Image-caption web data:
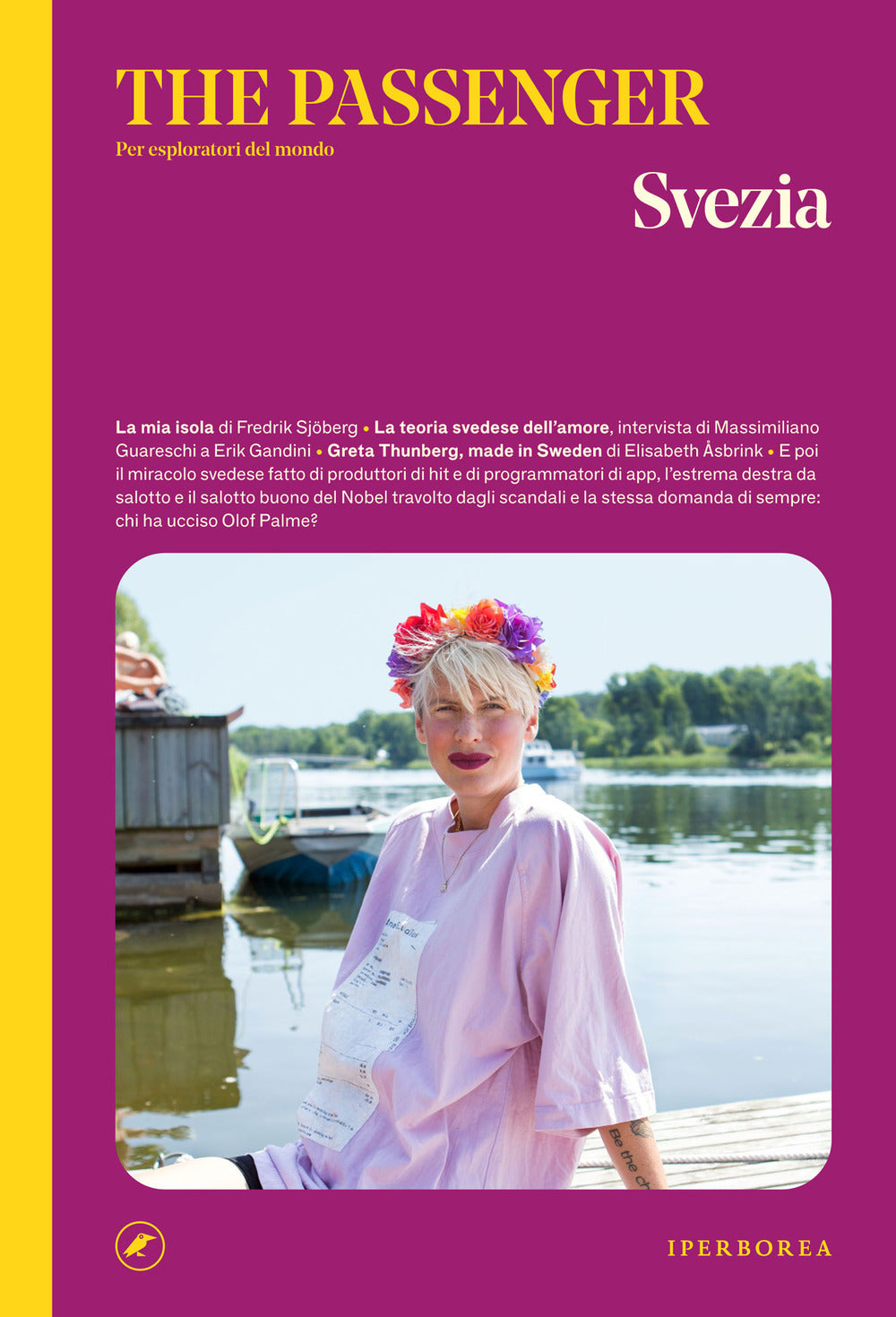 Svezia. The passenger. Per esploratori del mondo. Ediz. a colori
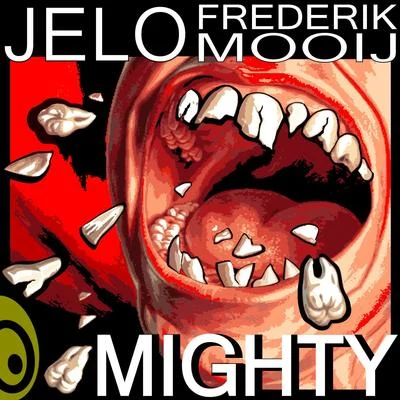 Mighty 專輯 JELO/FWLR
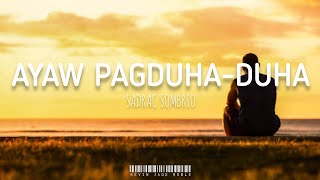 Ayaw Pagduha-duha - Sadrac Sombrio (Lyrics)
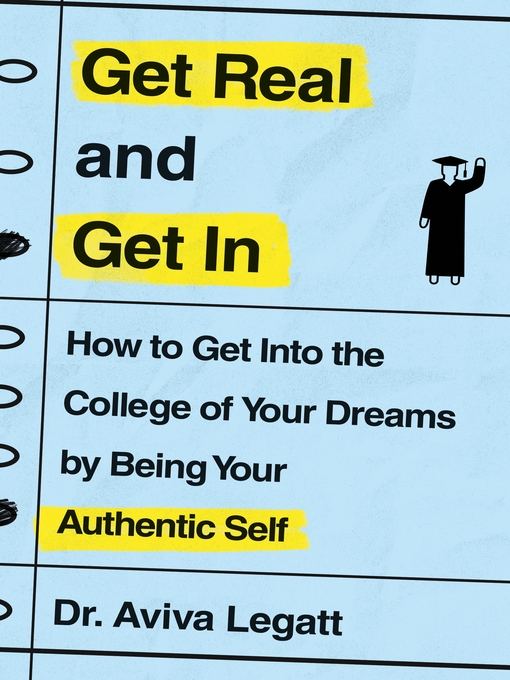 Title details for Get Real and Get In by Dr. Aviva Legatt - Available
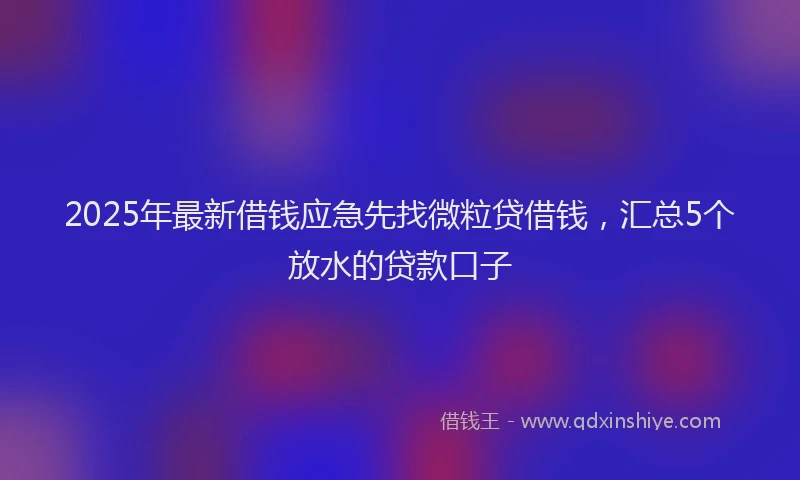 2025年最新借钱应急先找微粒贷借钱，汇总5个放水的贷款口子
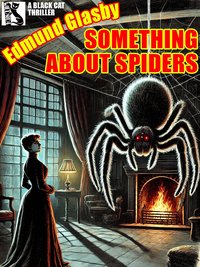 Something About Spiders - John S. Glasby - ebook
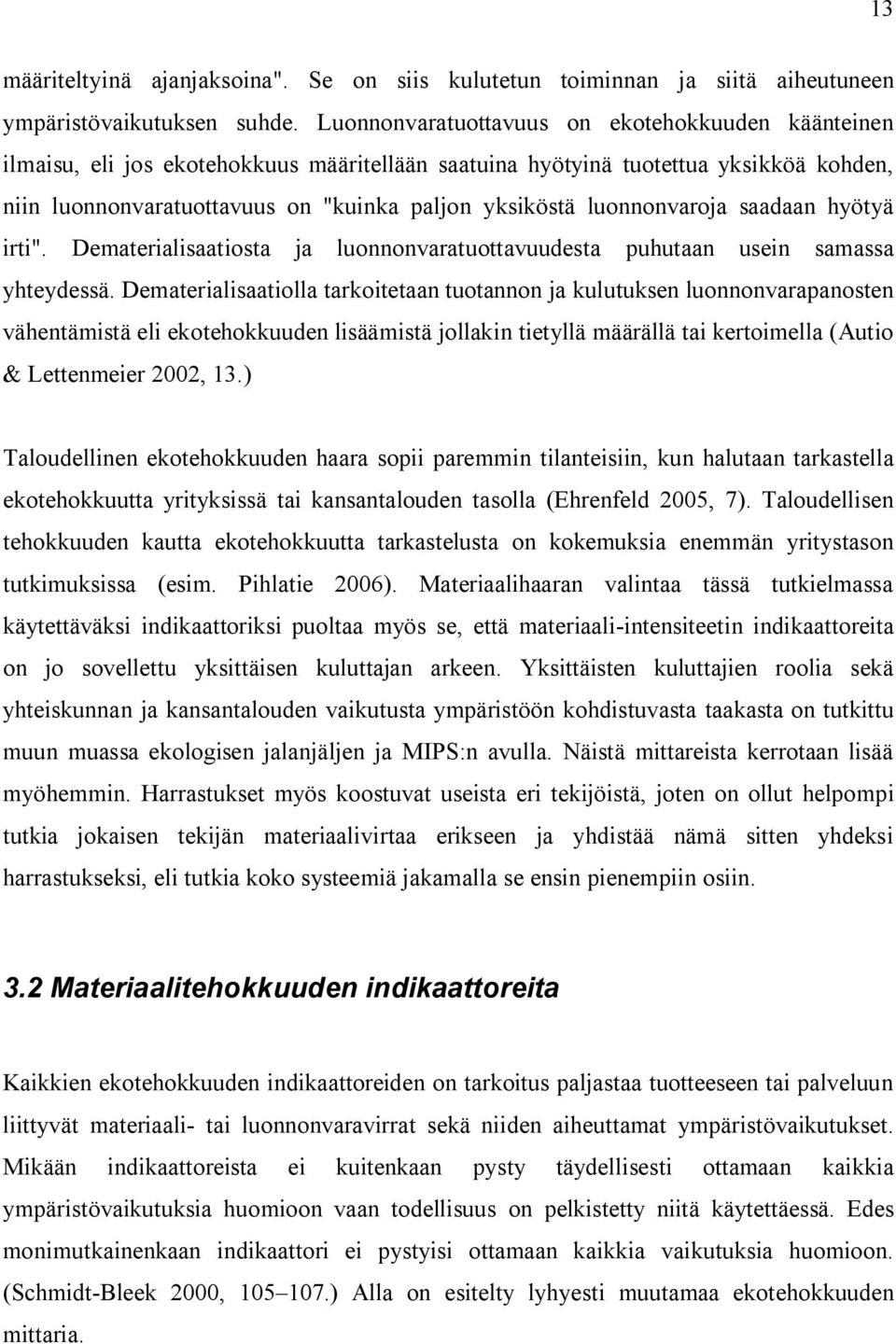 luonnonvaroja saadaan hyötyä irti". Dematerialisaatiosta ja luonnonvaratuottavuudesta puhutaan usein samassa yhteydessä.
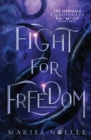 Fight for Freedom : A Forbidden Love, Enemies to Lovers Fantasy Romance Retelling - Book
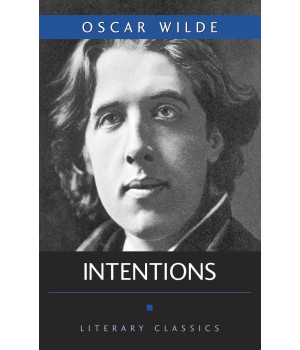 Intentions (Literary Classics)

> INSTRUCTIONS FOR THE TASK
Reproduce every record verbatim, please. Omit the images.

> ANSWER SPACE
 Svezia. The passenger. Per esploratori del mondo. Ediz. a colori
 Mighty 專輯 JELO/FWLR
 Ayaw Pagduha-duha - Sadrac Sombrio (Lyrics)
 Title details for Get Real and Get In by Dr. Aviva Legatt - Available
 2025年最新借钱应急先找微粒贷借钱，汇总5个放水的贷款口子
 Something About Spiders - John S. Glasby - ebook
 luonnonvaroja saadaan hyötyä irti". Dematerialisaatiosta ja luonnonvaratuottavuudesta puhutaan usein samassa yhteydessä.
 Fight for Freedom : A Forbidden Love, Enemies to Lovers Fantasy Romance Retelling - Book
 Intentions (Literary Classics)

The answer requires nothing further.